== Directions for this task ==
Set the whole listing down again, word for word, with no pictures.

*** Opening Exercise data ***

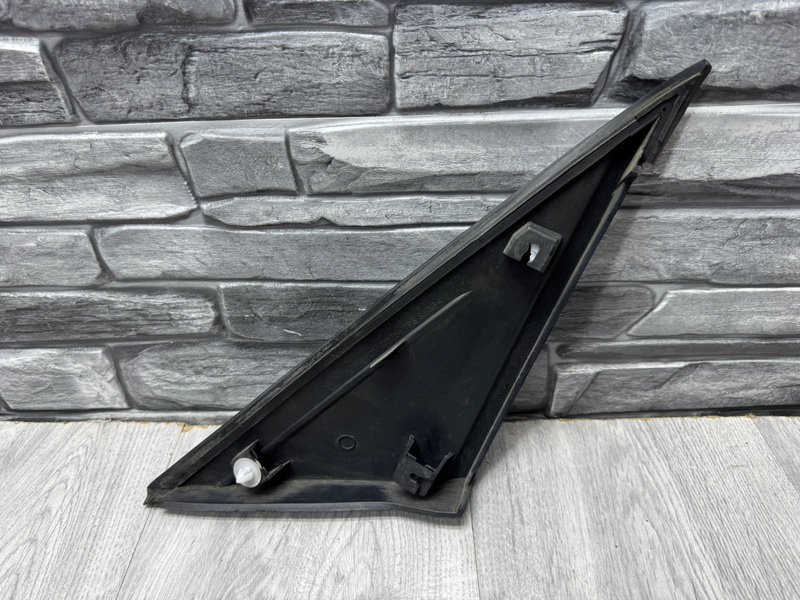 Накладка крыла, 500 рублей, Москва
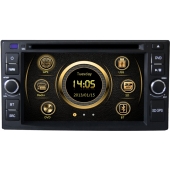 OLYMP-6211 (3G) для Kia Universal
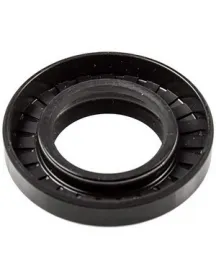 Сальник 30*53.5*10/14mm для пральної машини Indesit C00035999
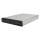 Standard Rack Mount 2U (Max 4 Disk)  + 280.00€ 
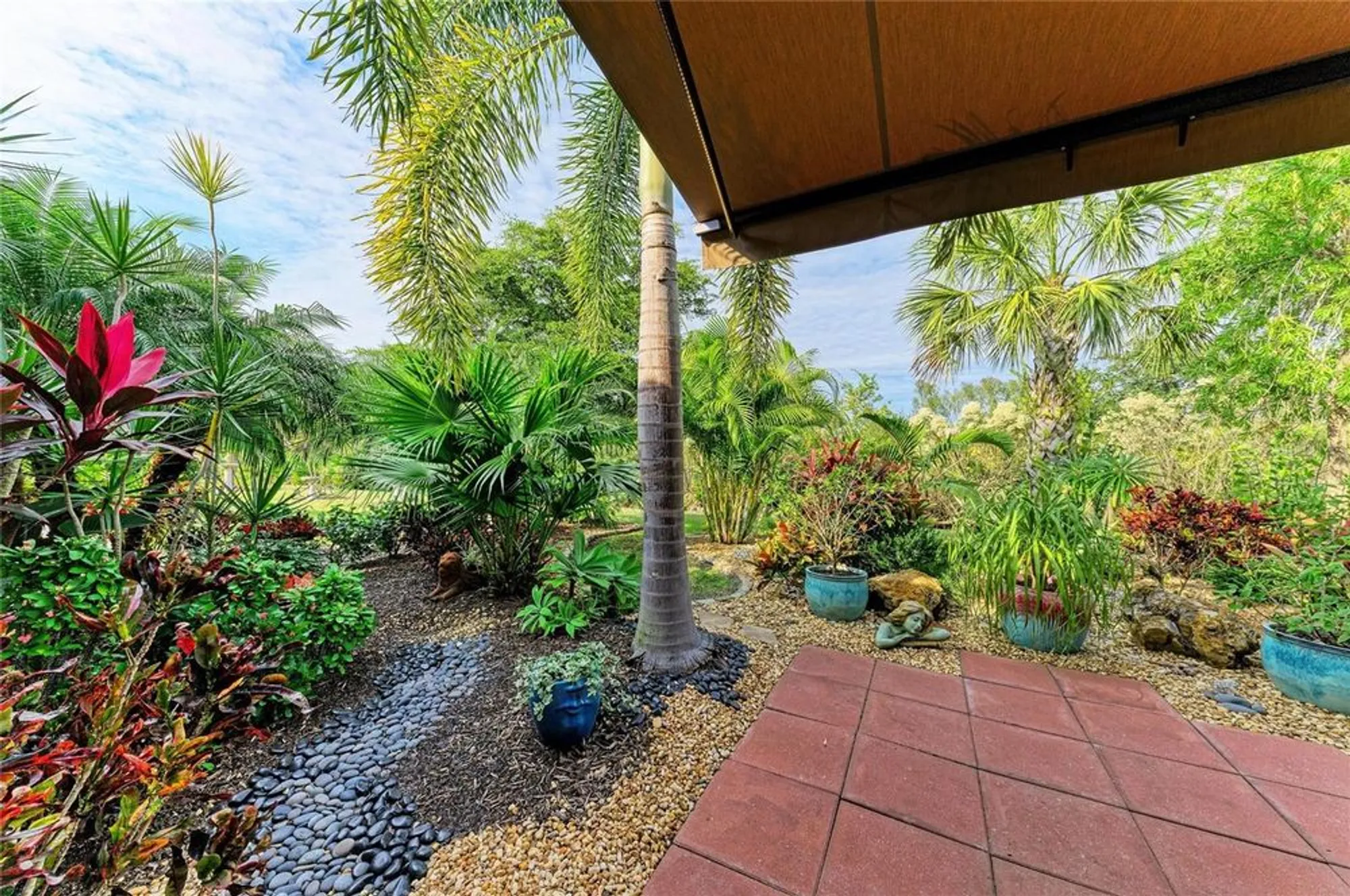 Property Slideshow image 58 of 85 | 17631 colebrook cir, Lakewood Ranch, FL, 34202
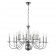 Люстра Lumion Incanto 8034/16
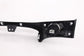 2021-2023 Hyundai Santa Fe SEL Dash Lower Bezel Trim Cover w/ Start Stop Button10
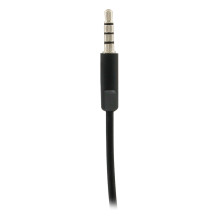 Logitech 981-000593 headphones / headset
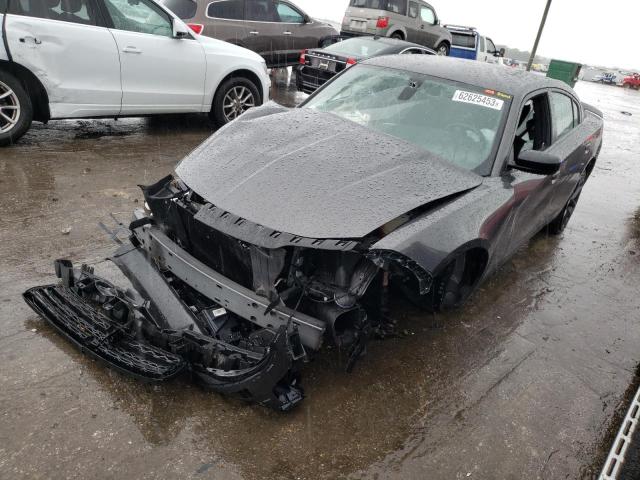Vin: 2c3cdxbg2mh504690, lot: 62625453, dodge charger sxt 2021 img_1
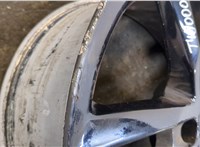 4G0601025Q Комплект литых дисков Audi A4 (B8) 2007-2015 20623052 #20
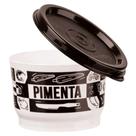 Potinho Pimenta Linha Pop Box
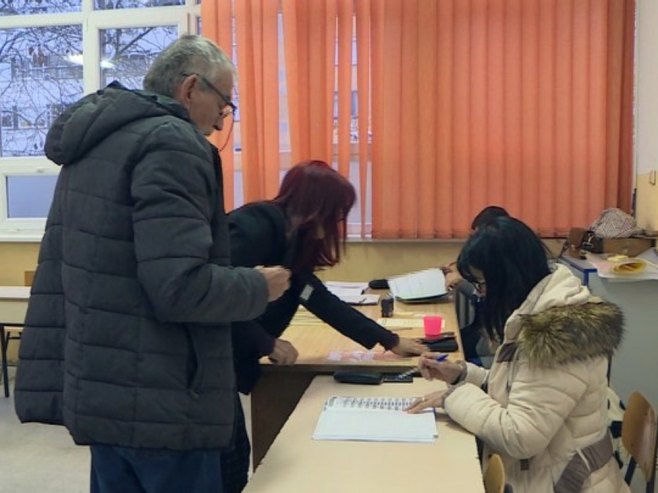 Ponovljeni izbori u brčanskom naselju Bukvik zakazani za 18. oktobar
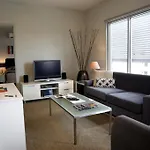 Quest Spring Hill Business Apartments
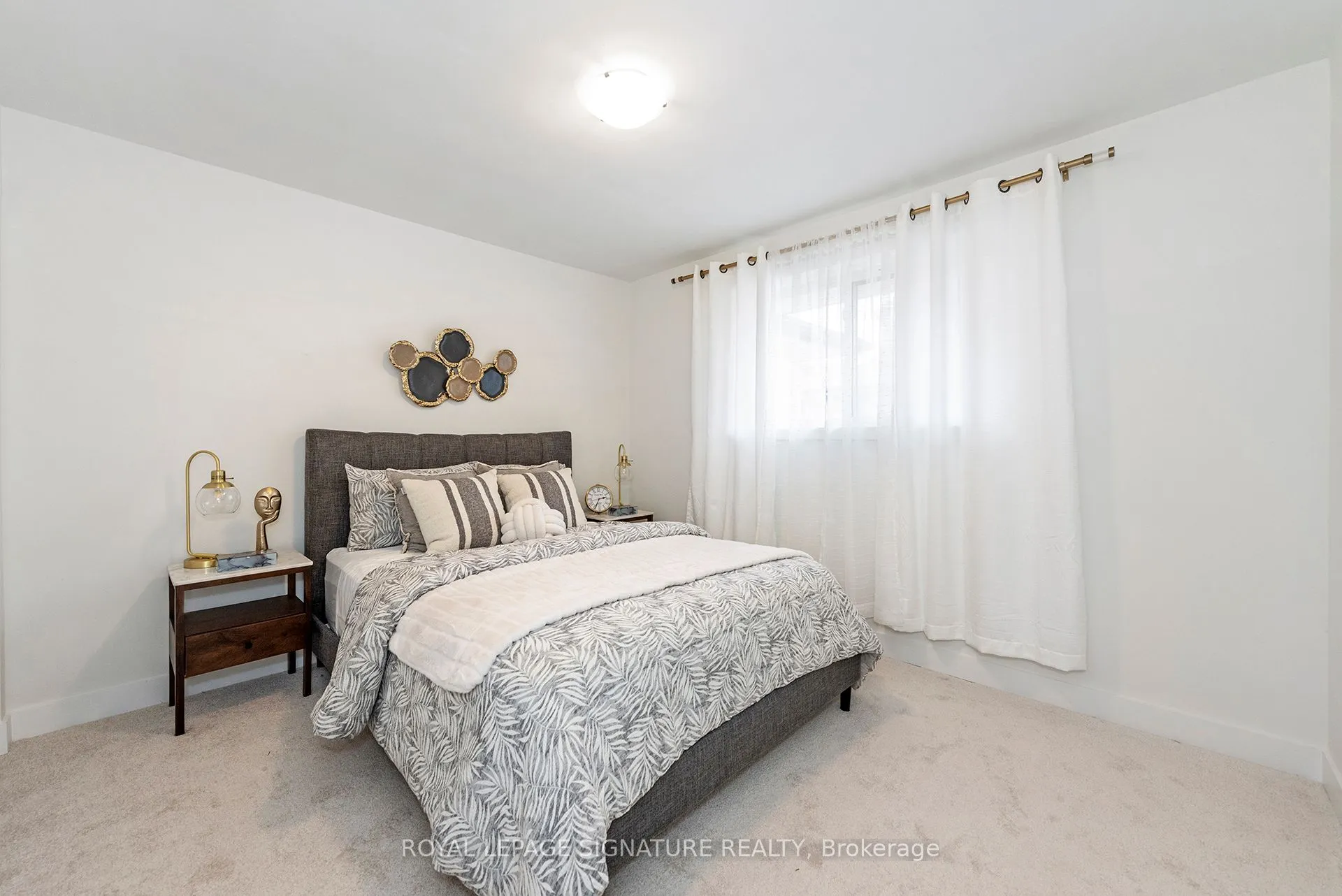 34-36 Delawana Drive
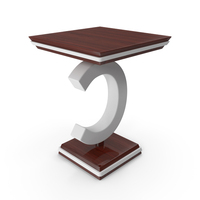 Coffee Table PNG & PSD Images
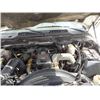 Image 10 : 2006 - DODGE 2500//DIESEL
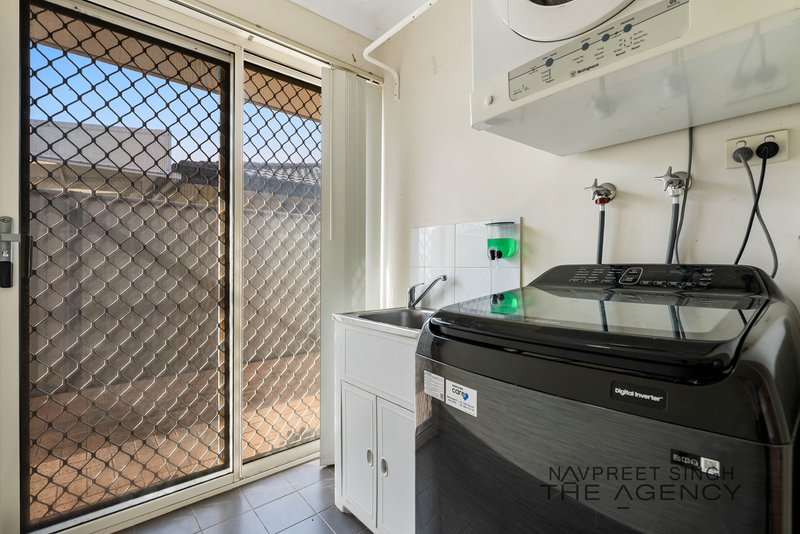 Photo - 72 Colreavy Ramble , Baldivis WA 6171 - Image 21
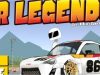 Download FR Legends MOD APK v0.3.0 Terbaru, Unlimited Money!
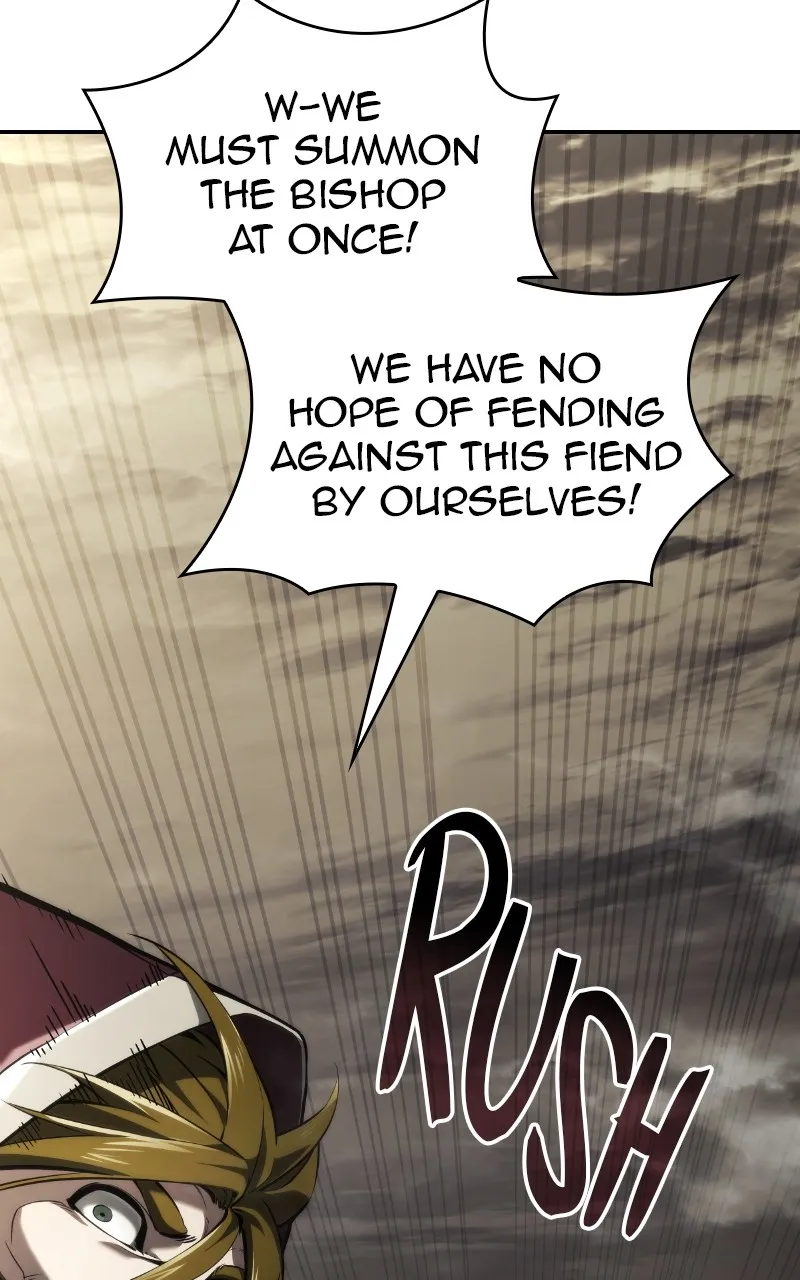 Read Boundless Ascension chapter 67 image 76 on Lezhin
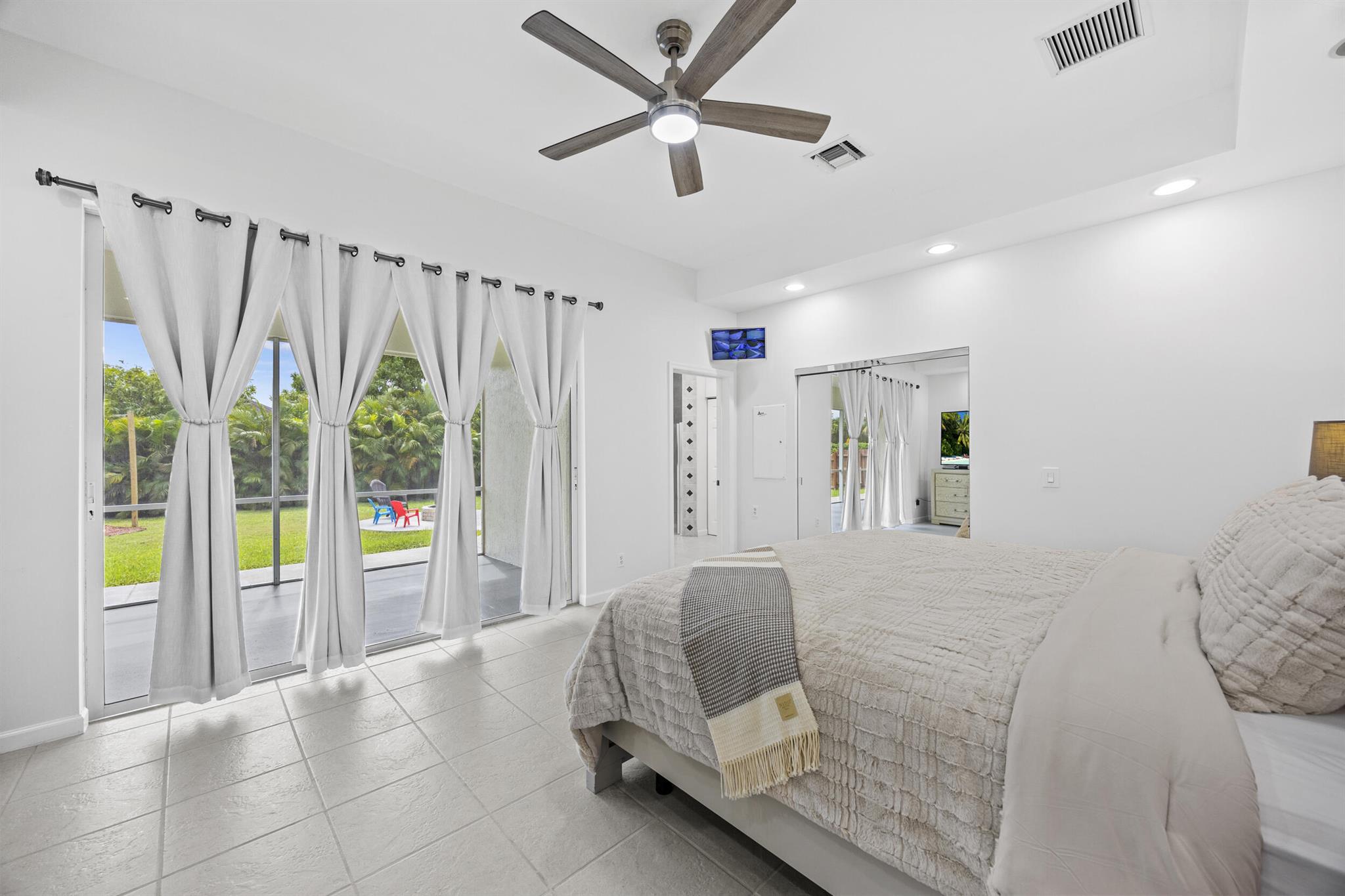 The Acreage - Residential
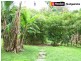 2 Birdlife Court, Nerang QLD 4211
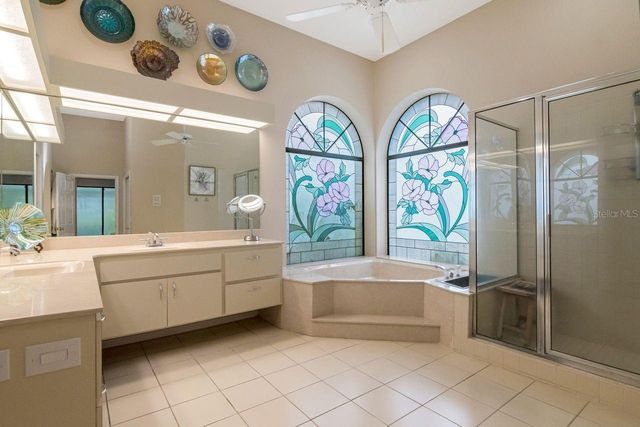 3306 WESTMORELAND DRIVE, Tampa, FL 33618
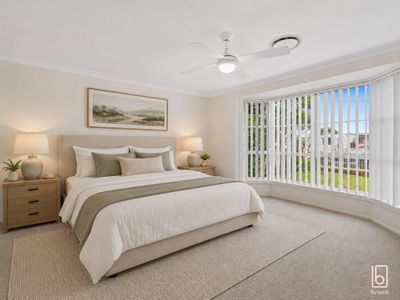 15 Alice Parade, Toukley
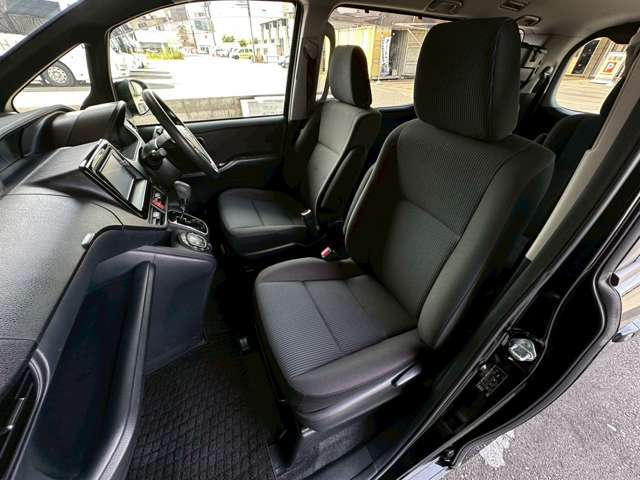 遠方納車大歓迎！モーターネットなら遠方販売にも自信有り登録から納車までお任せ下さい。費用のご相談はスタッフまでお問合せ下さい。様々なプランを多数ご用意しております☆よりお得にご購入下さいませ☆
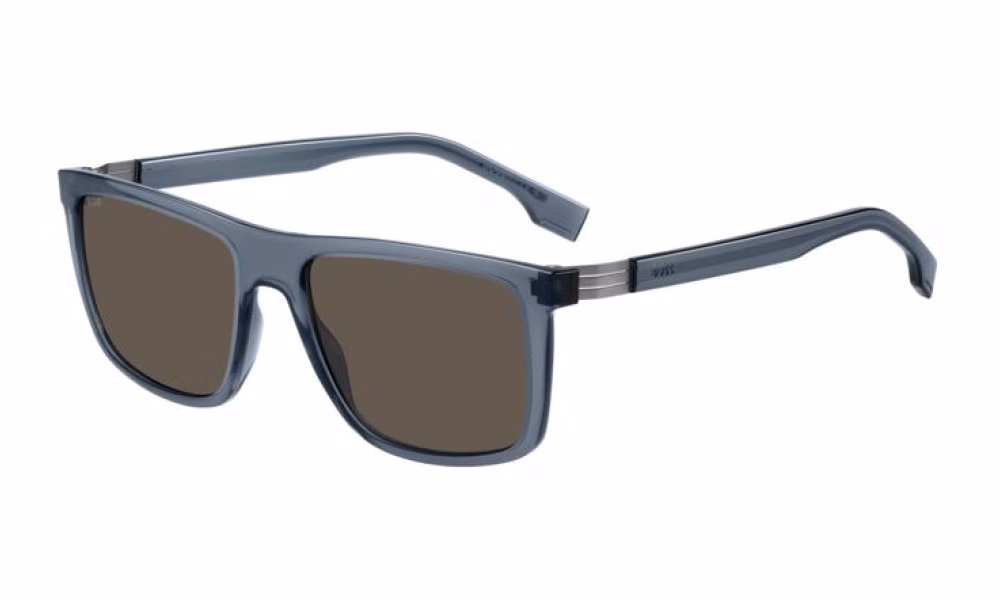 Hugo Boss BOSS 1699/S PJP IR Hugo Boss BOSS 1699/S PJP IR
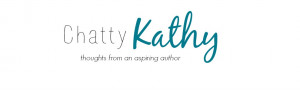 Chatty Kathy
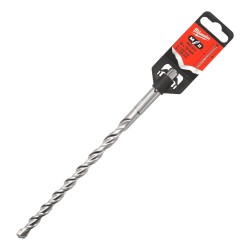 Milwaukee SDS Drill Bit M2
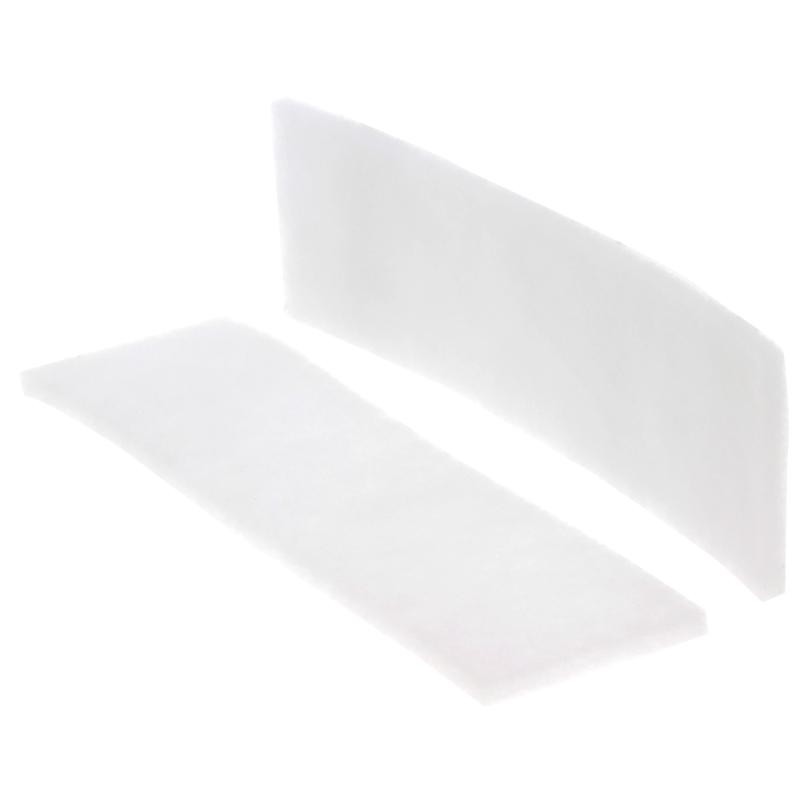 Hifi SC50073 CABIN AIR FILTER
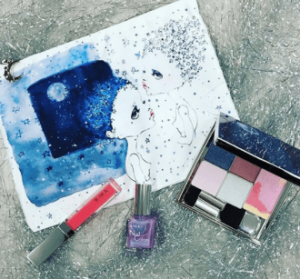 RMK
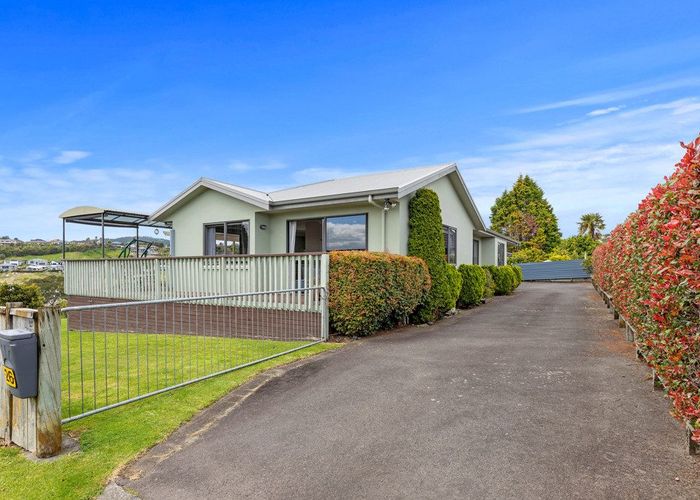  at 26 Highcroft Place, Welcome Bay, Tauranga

*** Closing Exercise data ***

== Answer for the task ==
 Накладка крыла, 500 рублей, Москва
 OLYMP-6211 (3G) для Kia Universal
 Сальник 30*53.5*10/14mm для пральної машини Indesit C00035999
 Standard Rack Mount 2U (Max 4 Disk)  + 280.00€ 
 Property Slideshow image 58 of 85 | 17631 colebrook cir, Lakewood Ranch, FL, 34202
 Люстра Lumion Incanto 8034/16
 2021-2023 Hyundai Santa Fe SEL Dash Lower Bezel Trim Cover w/ Start Stop Button10
 Logitech 981-000593 headphones / headset
Vin: 2c3cdxbg2mh504690, lot: 62625453, dodge charger sxt 2021 img_1
 4G0601025Q Комплект литых дисков Audi A4 (B8) 2007-2015 20623052 #20
 Potinho Pimenta Linha Pop Box
 Ponovljeni izbori u brčanskom naselju Bukvik zakazani za 18. oktobar
 Quest Spring Hill Business Apartments
 34-36 Delawana Drive
 Coffee Table PNG & PSD Images
 Image 10 : 2006 - DODGE 2500//DIESEL
 Photo - 72 Colreavy Ramble , Baldivis WA 6171 - Image 21
 Download FR Legends MOD APK v0.3.0 Terbaru, Unlimited Money!
 Read Boundless Ascension chapter 67 image 76 on Lezhin
 The Acreage - Residential
 2 Birdlife Court, Nerang QLD 4211
 3306 WESTMORELAND DRIVE, Tampa, FL 33618
 15 Alice Parade, Toukley
 遠方納車大歓迎！モーターネットなら遠方販売にも自信有り登録から納車までお任せ下さい。費用のご相談はスタッフまでお問合せ下さい。様々なプランを多数ご用意しております☆よりお得にご購入下さいませ☆
 Hugo Boss BOSS 1699/S PJP IR Hugo Boss BOSS 1699/S PJP IR
 Chatty Kathy
 Milwaukee SDS Drill Bit M2
 Hifi SC50073 CABIN AIR FILTER
 RMK
  at 26 Highcroft Place, Welcome Bay, Tauranga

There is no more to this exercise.